Dalam hal ini ketika dalam pemecahan suatu perkara hpi yang mengunakan renvoi, maka hakim (forum) yang mengadili suatu perkara HPI pada awalnya berdasarkan lex fori melakukan penunjukan terhadap hukum asing sebagai lex causae dalam penyelesaian perkara hpi tersebut.

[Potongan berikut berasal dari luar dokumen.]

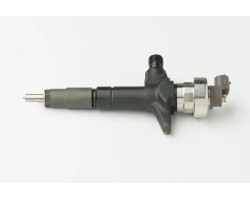 DCRI106980 DENSO ISUZU INJECTOR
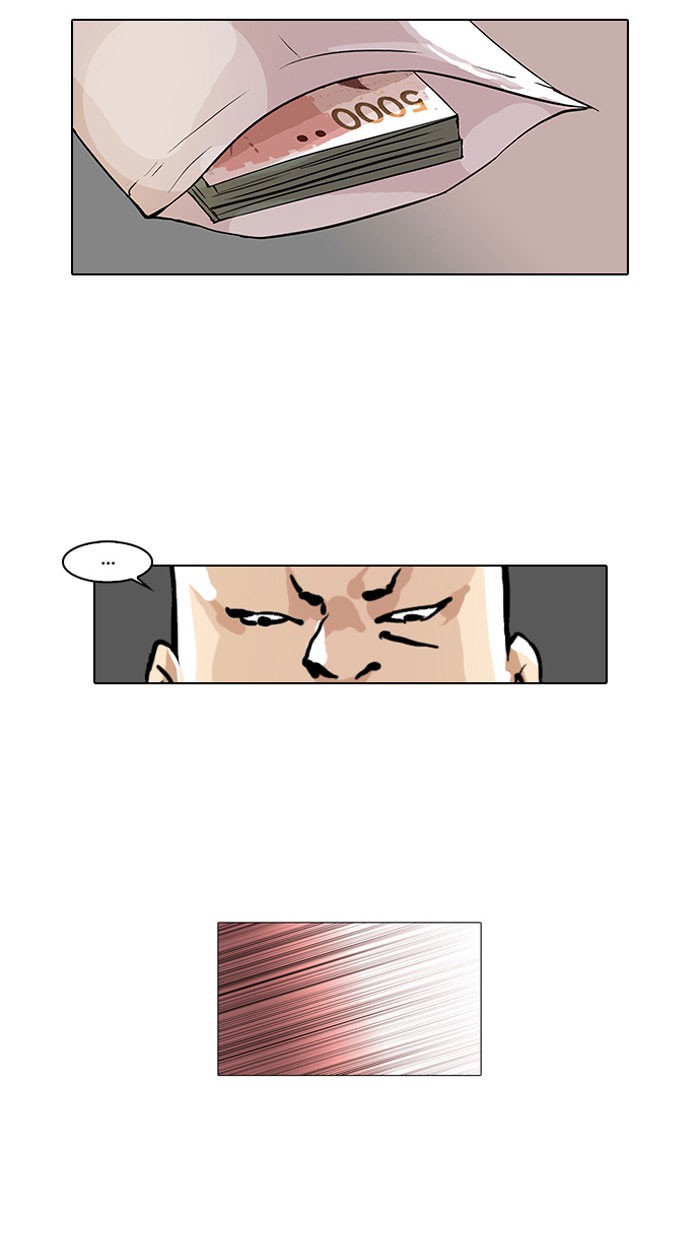 Lookism Chapter 48 page 18 - Chapter 48: Ep. 48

Kemudian ternyata di dalam lex causae terdapat sebuah kaidah hpi yang melakukan penunjukan kembali terhadap lex fori atau sistem hukum lain sebagai hukum yang harusnya digunakan untuk menyelesaikan masalah tersebut.

Terkait dengan doktrin renvoi ini maka saya berusaha untuk menjelaskan penerapan single renvoi dalam sebuah kasus hukum perdata internasional yang akan dibahas pada bagian selanjutnya  dari tulisan ini saya berusaha untuk membahas bagaimana penerapan single renvoi dalam penyelesaian perkara HPI dalam kasus The Forgo Case 1879.





________________________________________________________________________________2



1.2. Rumusan Masalah

1.      Bagimana penerapan single Renvoi dalam penyelesaian perkara Hukum Perdata Internasional dalam kasus The Forge Case
2.      Apakah alsan-alasan yang digunakan oleh Lex fori dan Lex causae dalam pelaksanaan Renvoi tersebut ?
3.      Bagaimana penggunaan Renvoi dalam HPI ?

1.3. Tujuan Permasalahan

1.      Untuk mengetahui penerapan single Renvoi dalam Penyelesaian Hukum Perdata Internasional yang terdapat dalam kasus The Forge Case
2.      Untuk mengetahui alasan-alasan yang digunakannya oleh Lex Fori dan Lex Causae dalam pelakasanaan Renvoi
3.      Untuk mengetahui proses Penggunaan Renvoi dalam HPI ?










________________________________________________________________________________3


BAB II
PEMBAHASAN

1.       Penyelesaian Sengketa The Forgo Case

Perkara The Forgo Case merupakan perkara mengenai masalah waris yang diajukan ke pengadilan prancis. Awal mula kasus ini dimulai dengan meninggalnya seorang pria berkewarganegaraan Jerman (bavaria) yang bernama Forgo. Sejak usia 5 tahun forgo menetap di prancis tanpa berupaya memperoleh tempat kediaman resmi (domicile) di prancis. Di ketahui juga bahwa forgo merupakan anak luar kawin. Pada tahun 1879 ia meninggal di prancis tanpa meninggalkan testamen (wasiat) , ia meninggalkan harta benda berupa sejumlah benda-benda bergerak di prancis. Berdasarkan hukum prancis  terkait dengan warisan anak luar kawin harta warisan jatuh kepada negara. Akan tetapi menurut hukum  jerman (bavaria)  saudara-saudara kandung  berhak untuk mendapat harta warisan dari saudara kandungnya yang merupakan anak luar kawin. Terkait dengan harta peninggalan forgo ini kemudian timbul tuntutan (gugatan) yang diajukan oleh saudara-saudara kandungnya di pengadilan prancis terhadap pemerintah prancis. Untuk menyelesaikan perkara ini, terdapat beberapa tahapan yang harus dilakukan oleh hakim (forum) prancis.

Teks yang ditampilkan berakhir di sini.